Government has extended the temporary suspension of excise duty on petrol and diesel, alongside the zero-rating of Value Added Tax (VAT) on the two fuel products, for an additional 90 days until September 30, 2026, in a move aimed at cushioning citizens and businesses against rising fuel costs.
Engineer Bornface Zulu told Money News in an interview that maintaining the tax measures over a prolonged period could have significant implications for Government revenue.
“Revenue loss is estimated at about K1.3 billion per month, totaling K11.97 billion annually if extended,” he stated.
Eng. Zulu further noted that reduced revenue could limit Government spending on key sectors such as health, education and infrastructure development.
He said the current measures were only temporary and did not address Zambia’s underlying exposure to international oil market volatility. “Relief is short-term; Zambia remains vulnerable to global oil volatility,” he said.
Eng. Zulu also raised concerns that transport operators may not fully pass on fuel cost reductions to commuters, limiting the intended impact on consumers.
He however observed that the move would help shield citizens from the effects of global oil price fluctuations, by lowering fuel costs and easing pressure on transport expenses and household budgets.
Eng. Zulu added that the intervention would help reduce costs across key sectors of the economy. “It directly lowers pump prices, easing transport fares, stabilizing food costs, and supporting industries,” Eng. Zulu stressed.
He said the latest fuel prices stand at K26.15 per litre for petrol, K28.11 for diesel, K28.32 for kerosene and K30.27 for Jet A-1 fuel, adding that lower fuel costs could improve business competitiveness and provide an inflation cushion.
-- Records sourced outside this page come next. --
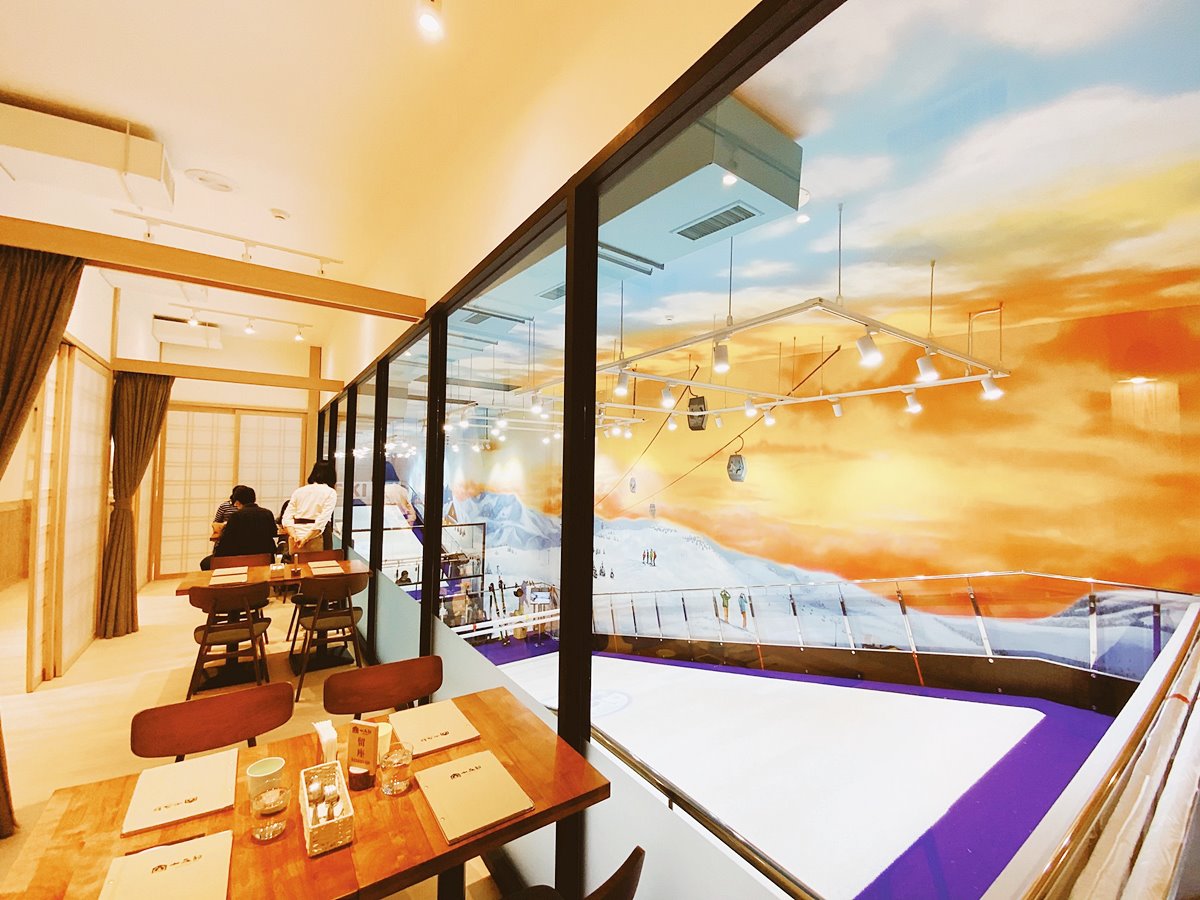朋友們滑雪啦！新竹最大「室內滑雪」俱樂部，還能在日式餐廳吃熟成咖哩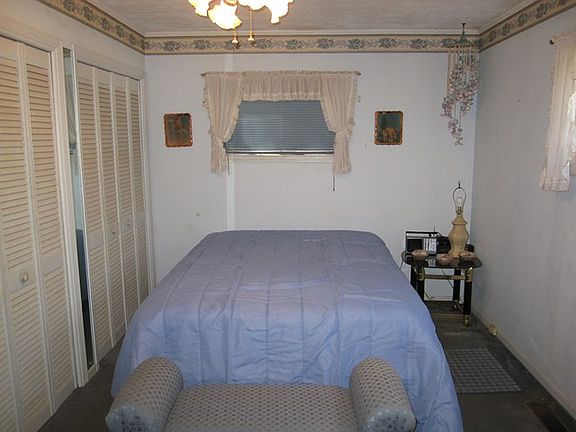 5th image of 10985 Lee Road 240
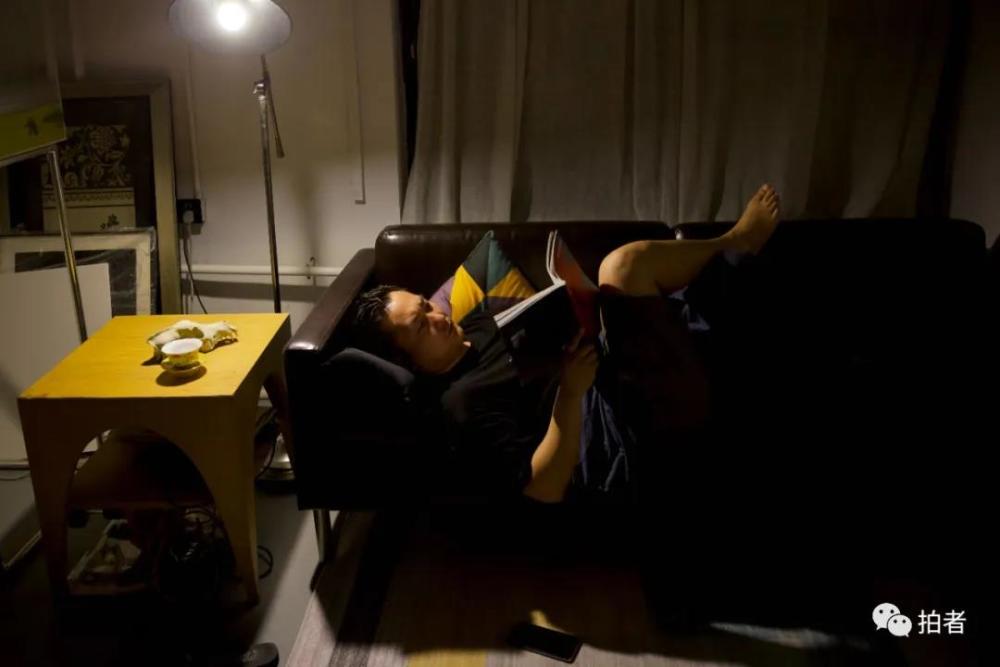 疫情|疫情之下的影棚老板：咬牙自救，迎接复苏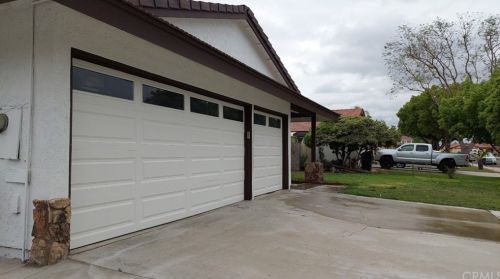 711 Montrose St, Rialto CA  92376-7820 exterior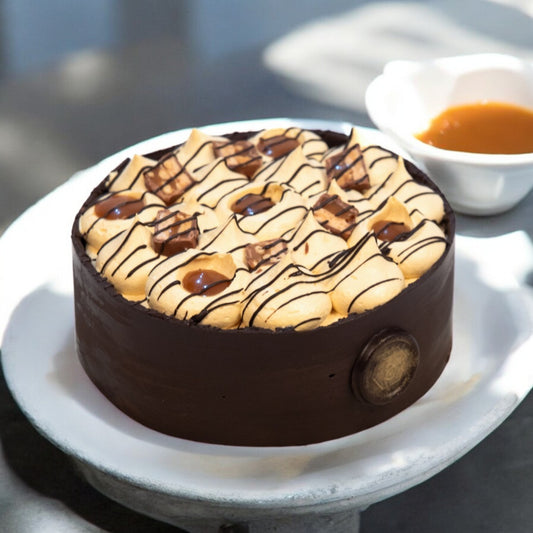 Eggless Snickers Chooclate Caramel Cake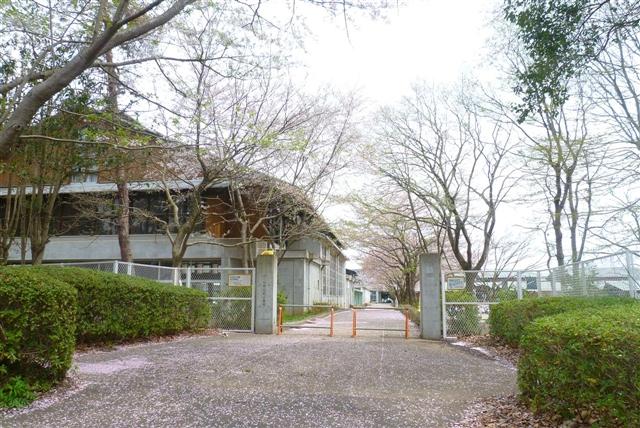 Junior high school. Yatabe 2200m to the East Junior High School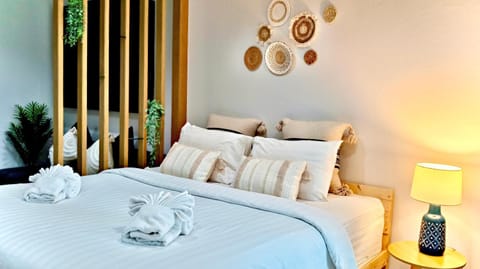 Bed, Bedroom, towels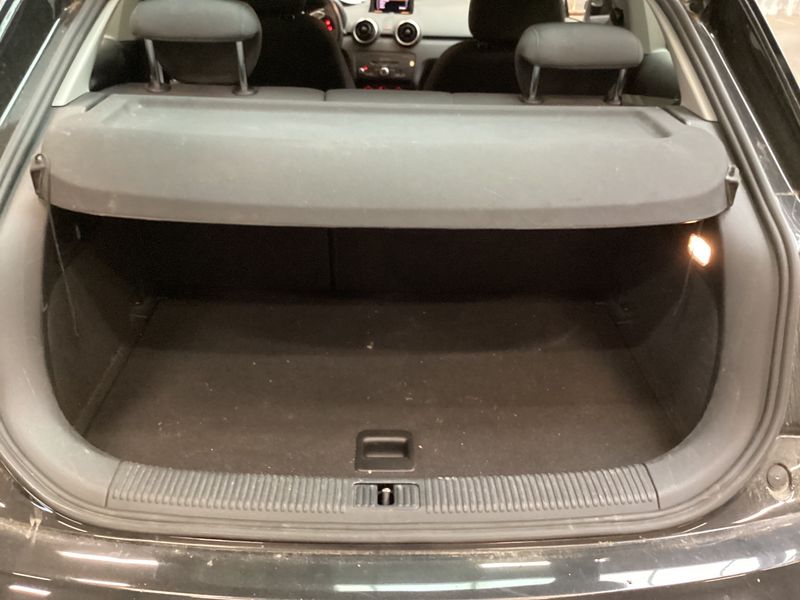 Audi A1 1.6 TDI Attraction 2010 – снимка 16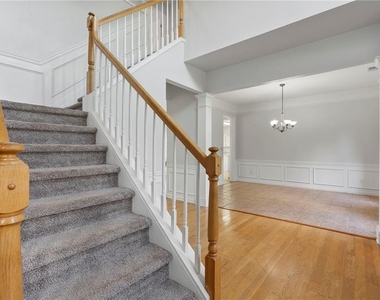 7810 Brookwood Way - Photo Thumbnail 5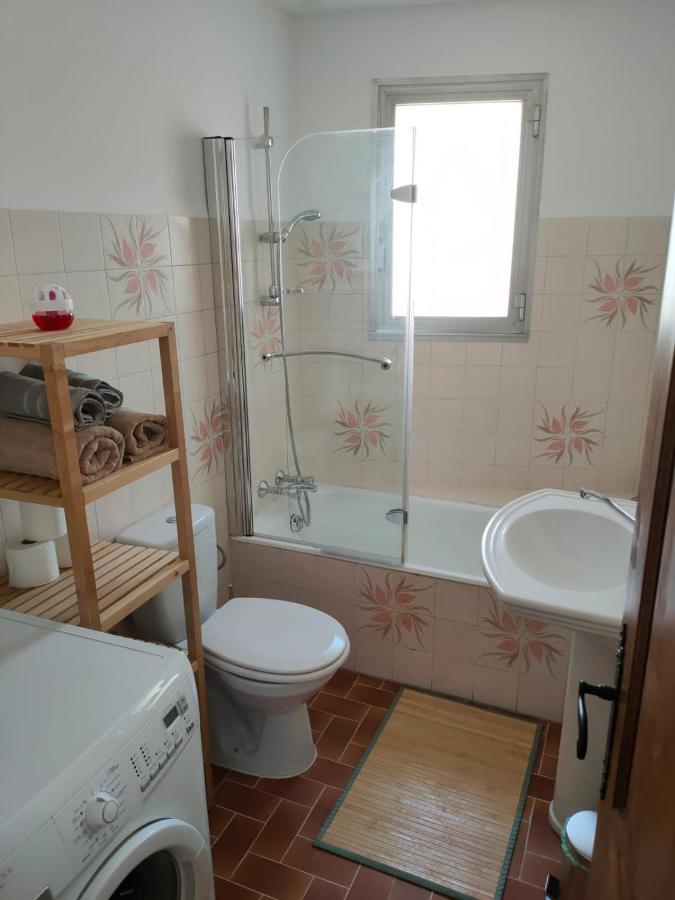 Charmant Appartement Au Coeur Du Village Tourrettes-sur-Loup Kültér fotó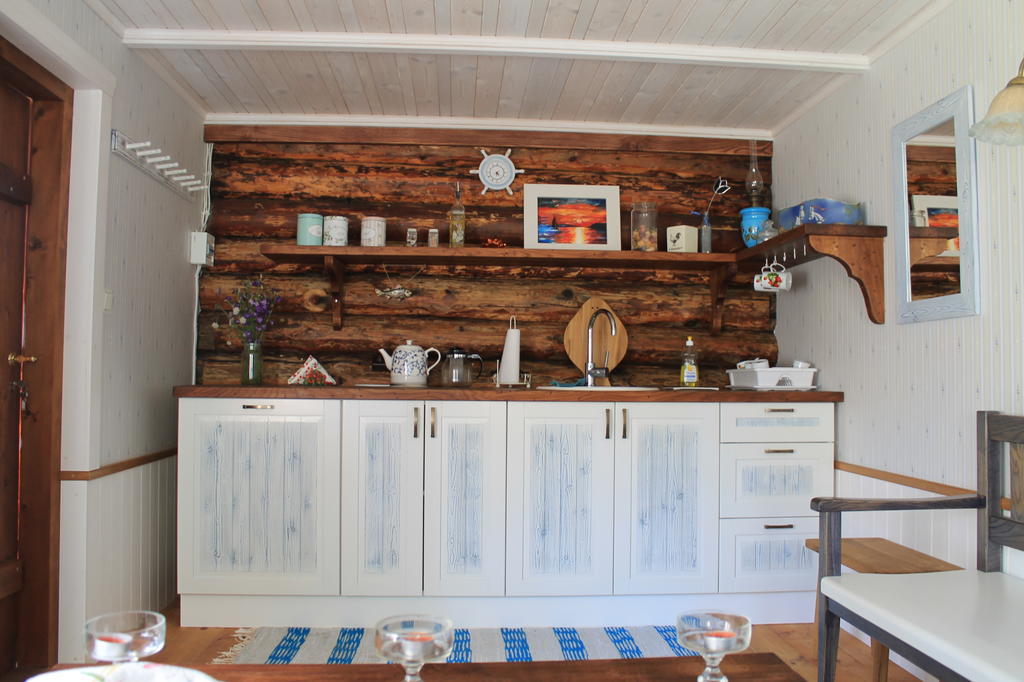 Maenni Summerhouse Kassari Bilik gambar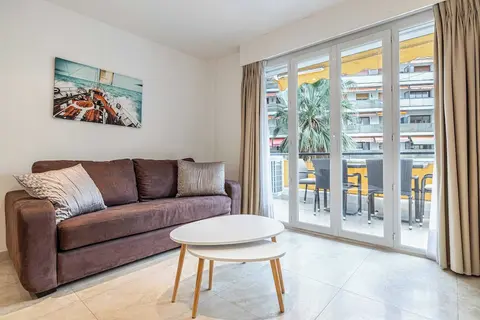 Modern Apartment a/c 1br-4p - With Balcony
The Energy Expert stressed that small and medium enterprises, agriculture and the mining sector were among industries likely to benefit from reduced operational expenses.
To address longer-term challenges, he called for targeted subsidies focused on sectors such as public transport and agriculture rather than broad tax waivers.
Eng. Zulu also urged accelerated investment in alternative energy sources and electric mobility solutions. “Zambia must use this window to pivot boldly toward renewable energy and electric mobility, ensuring that future relief does not drain public finances,” he emphasized.